* PROBLEM DETAILS *
Copy the data below exactly, omitting any picture it contains.

* DATA SEGMENT *
--- START ---

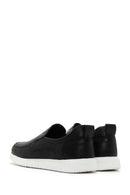 Men's Black Leather Loafer | Derimod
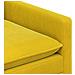 Divano Giallo 126 x 81 x 87,5 cm Velluto - Foto miniatura 6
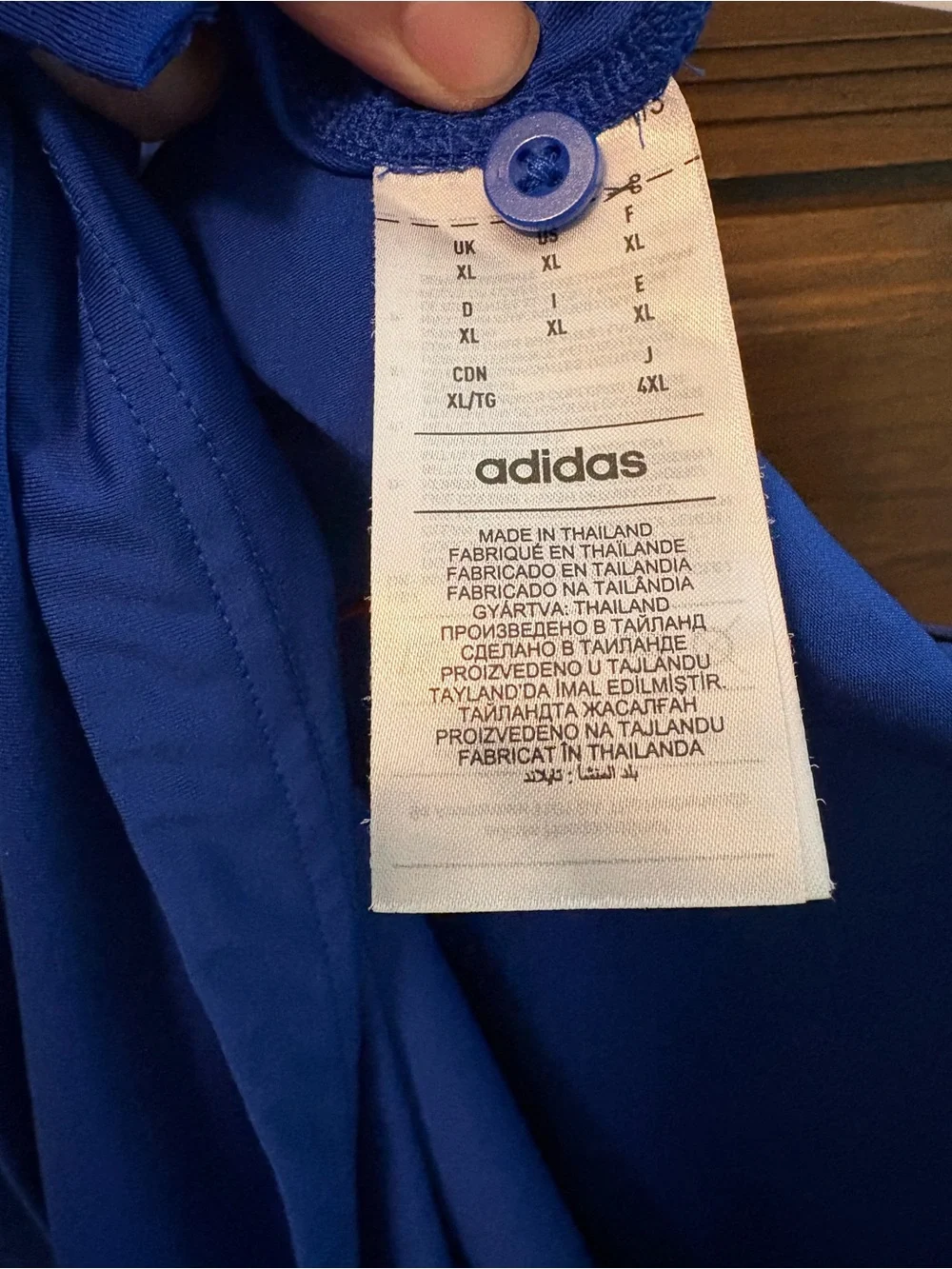 Adidas Blue Kansas Jayhawks Polo with Red Accents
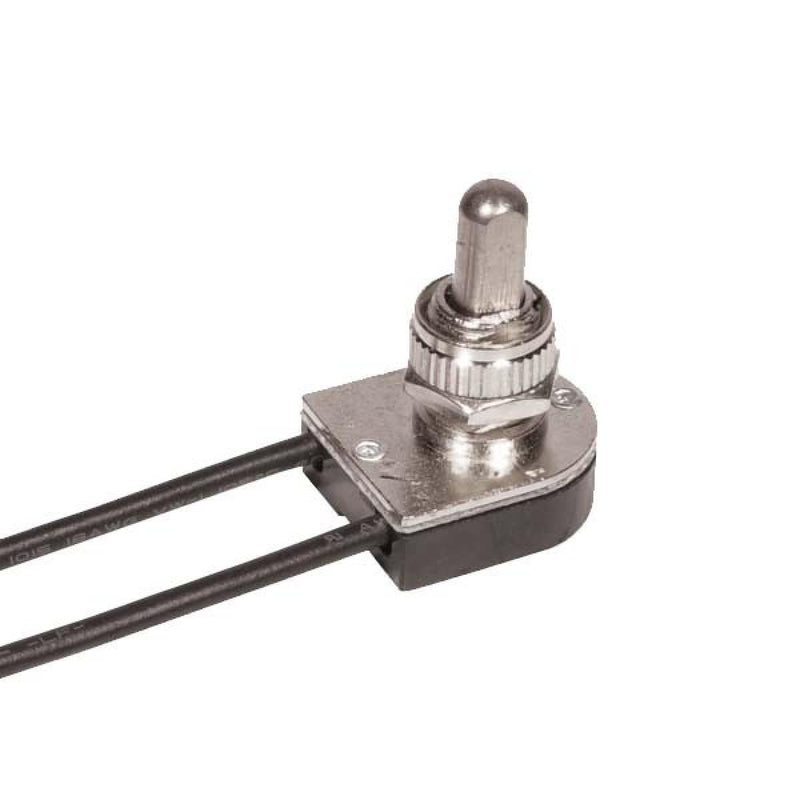 Satco 90-1676 Push Switch, Nickel Plated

--- END ---

* SOLUTION TO THIS EXERCISE *
 Men's Black Leather Loafer | Derimod
 Divano Giallo 126 x 81 x 87,5 cm Velluto - Foto miniatura 6
 Adidas Blue Kansas Jayhawks Polo with Red Accents
 Satco 90-1676 Push Switch, Nickel Plated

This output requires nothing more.